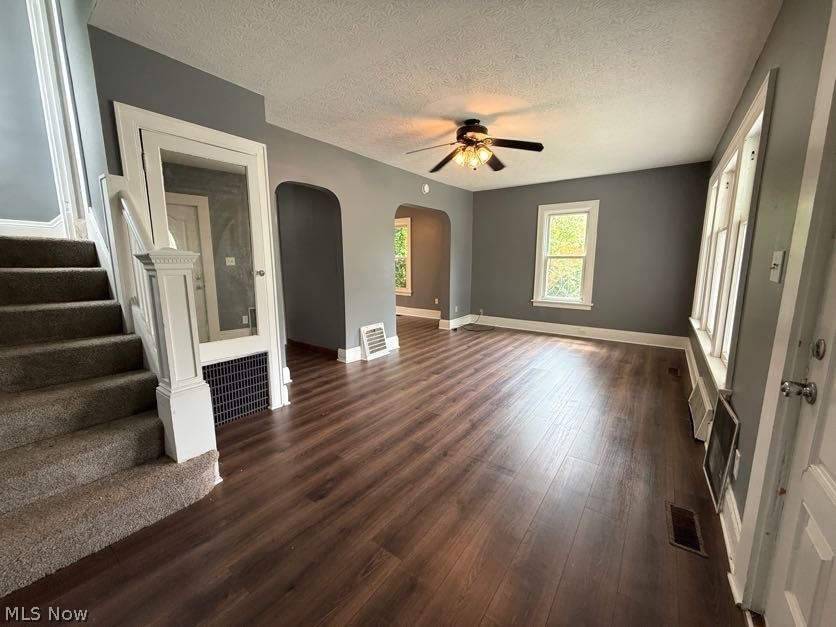 1467 Beardsley Street Property Photo 7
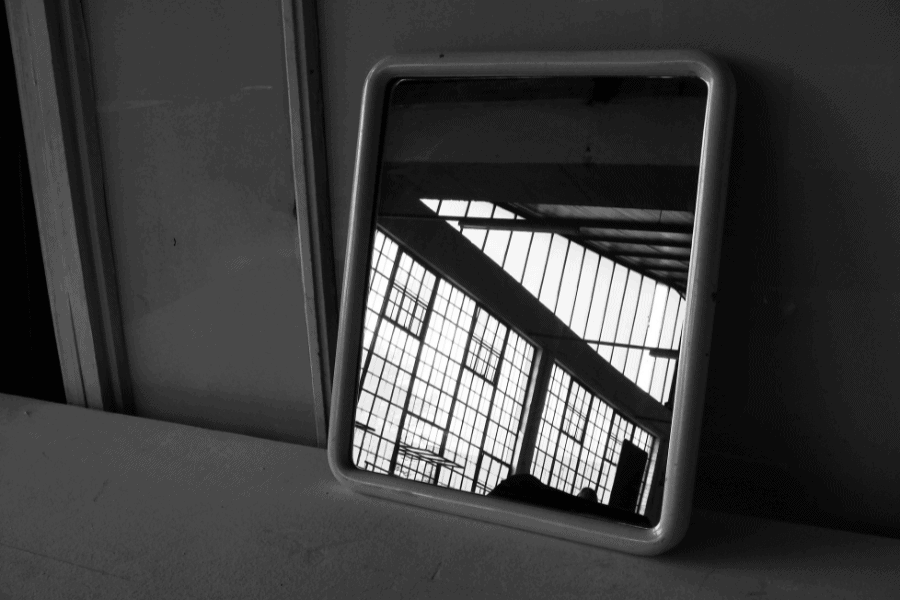 * (שמישהו יחמל), שיר מאת קמה שיר - מגזין גלויה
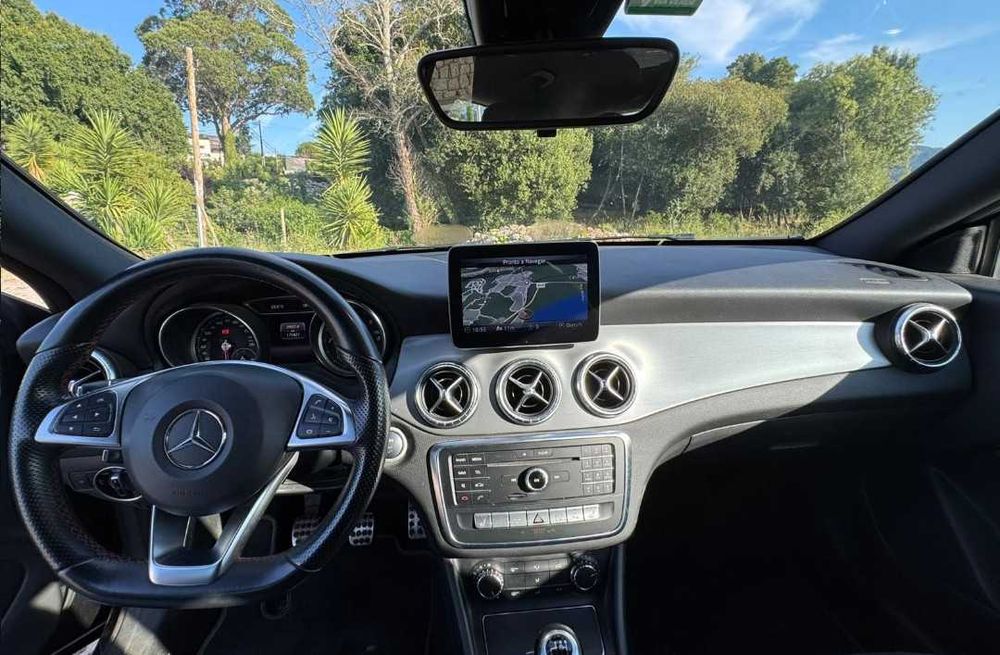 Mercedes-Benz CLA 180 d AMG Line
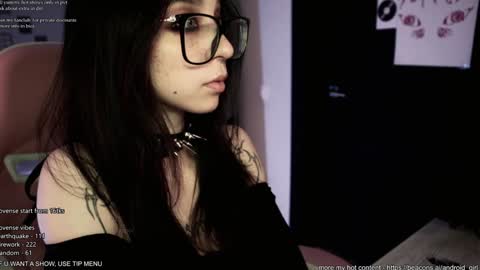 Snapshot of b0pppo chatting on 01/08/25, 07:03 your fuckdoll  sub girl  MORE ME  online show from 01/08/25, 07:03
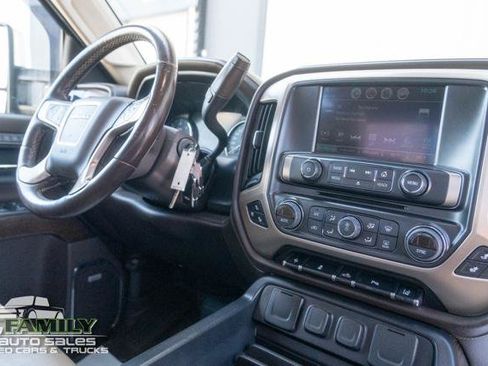 Used 2019 GMC Sierra 2500 Denali AWD/4WD image 27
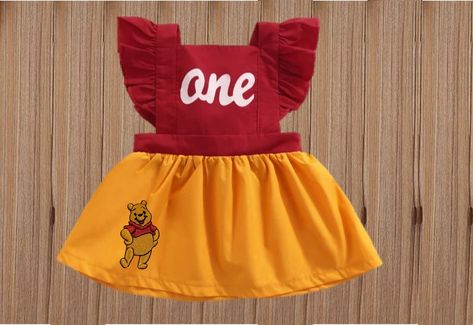 Pooh Smash Cake, Winnie The Pooh Smash Cake, Baby Dior Dress, Baby Girl Smash Cake, Winnie The Pooh Dress, Girl Smash Cake, Smash Cake Birthday, Pooh Dress, Chiffon White Dress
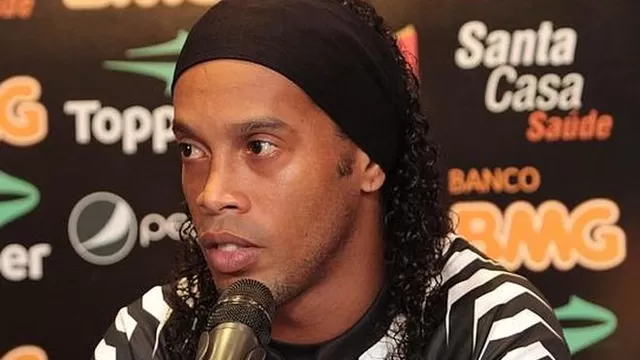 Ronaldinho: semáforo se cayó a metros de su auto y se salvó en la India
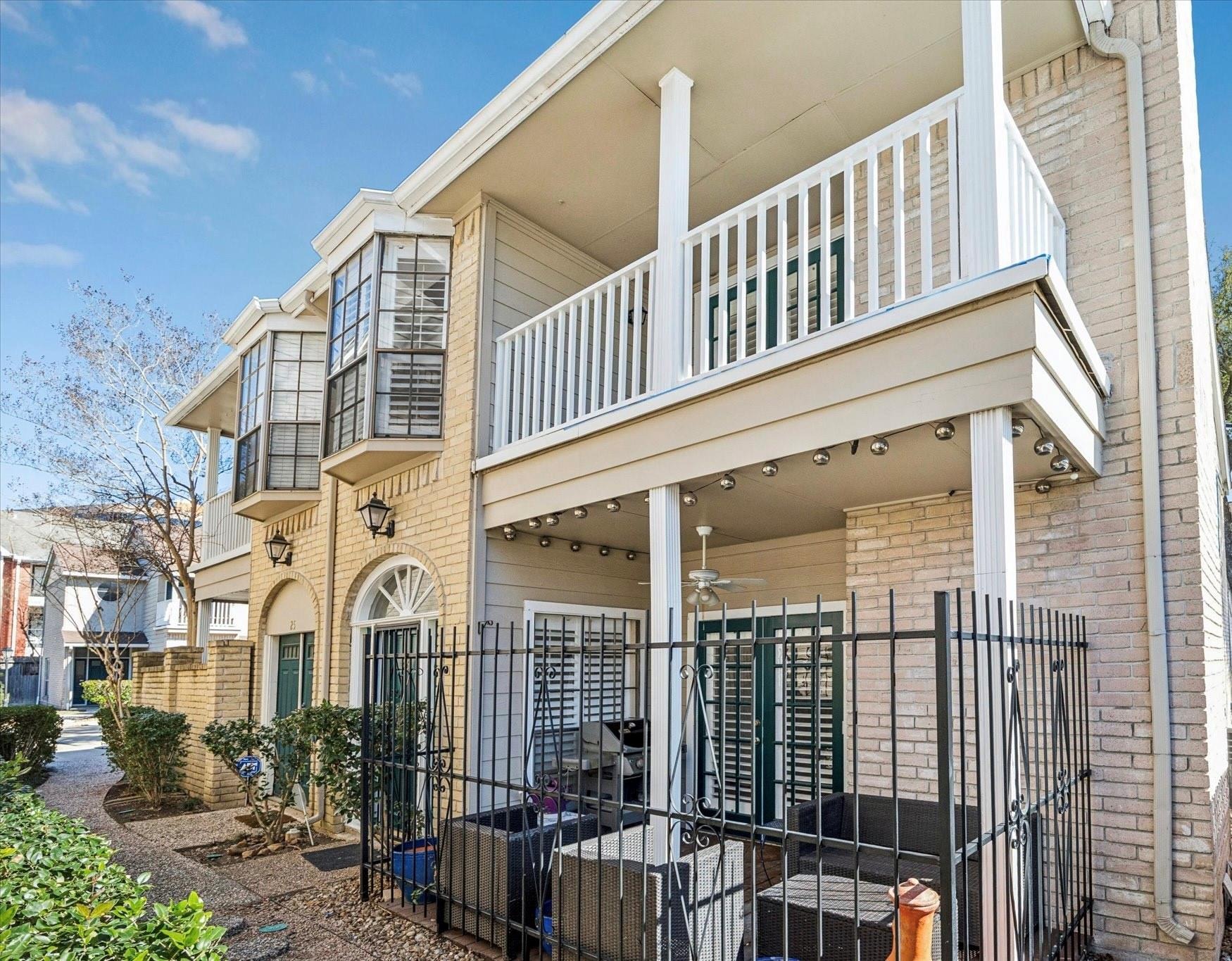 Bering Dr, Houston, TX 77057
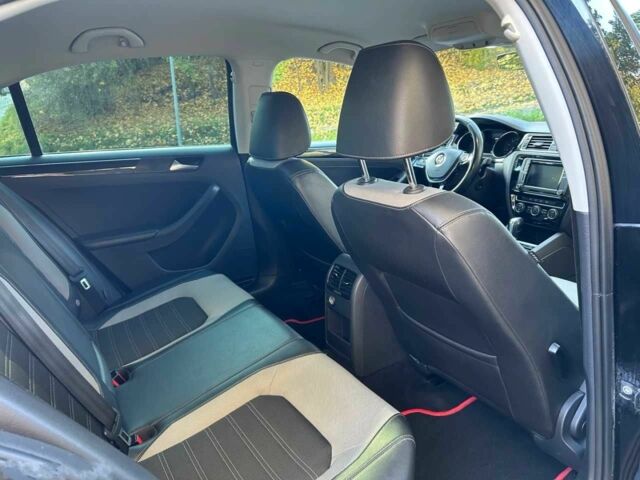 Чорний Фольксваген Джетта, об'ємом двигуна 1.8 л та пробігом 115 тис. км за 8500 $, фото 6 на Automoto.ua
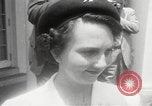 Standbild Genevieve de Galard-Terraube Washington DC USA, 1954, aus Sekunde 33 historischem Filmmaterial Videoclip 65675062758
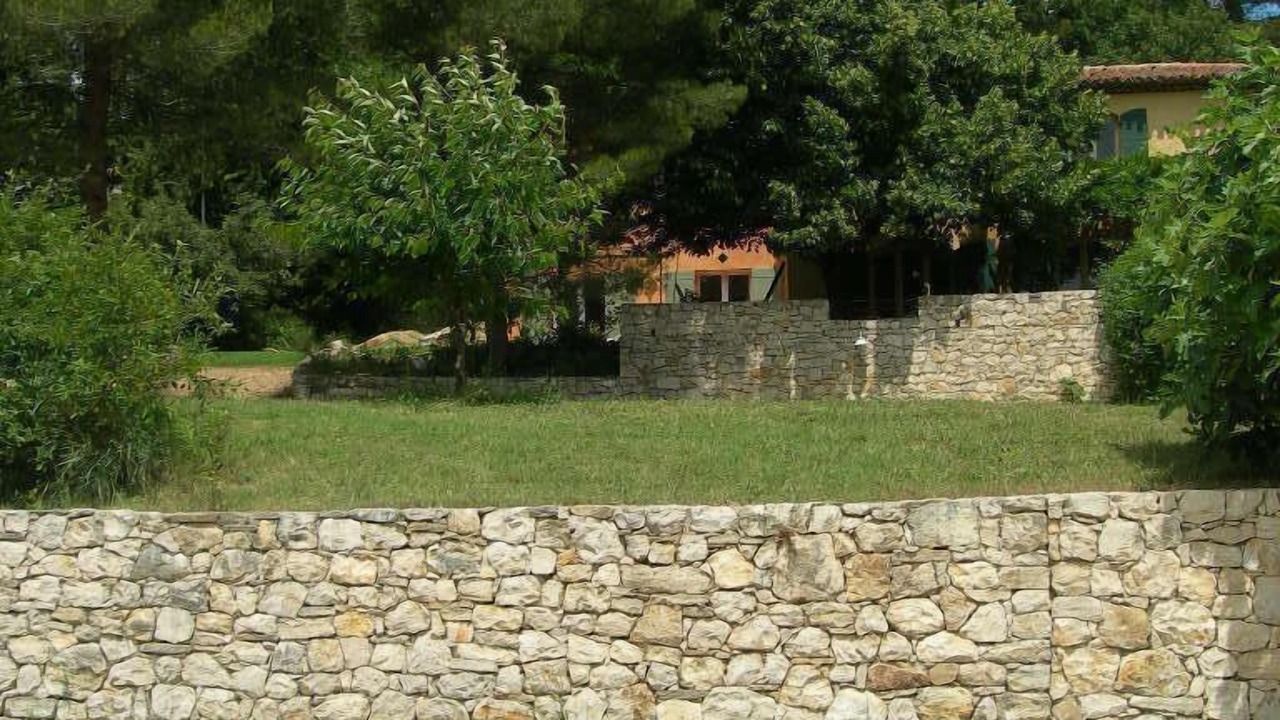 Photo of Outdoor in Eguilles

The problem: Output, exactly and without pictures, the lines above that run from the one containing "Bering Dr, Houston, TX 77057" through the last line of the entries, inclusive.

Response to this exercise:
 Bering Dr, Houston, TX 77057
 Чорний Фольксваген Джетта, об'ємом двигуна 1.8 л та пробігом 115 тис. км за 8500 $, фото 6 на Automoto.ua
 Standbild Genevieve de Galard-Terraube Washington DC USA, 1954, aus Sekunde 33 historischem Filmmaterial Videoclip 65675062758
 Photo of Outdoor in Eguilles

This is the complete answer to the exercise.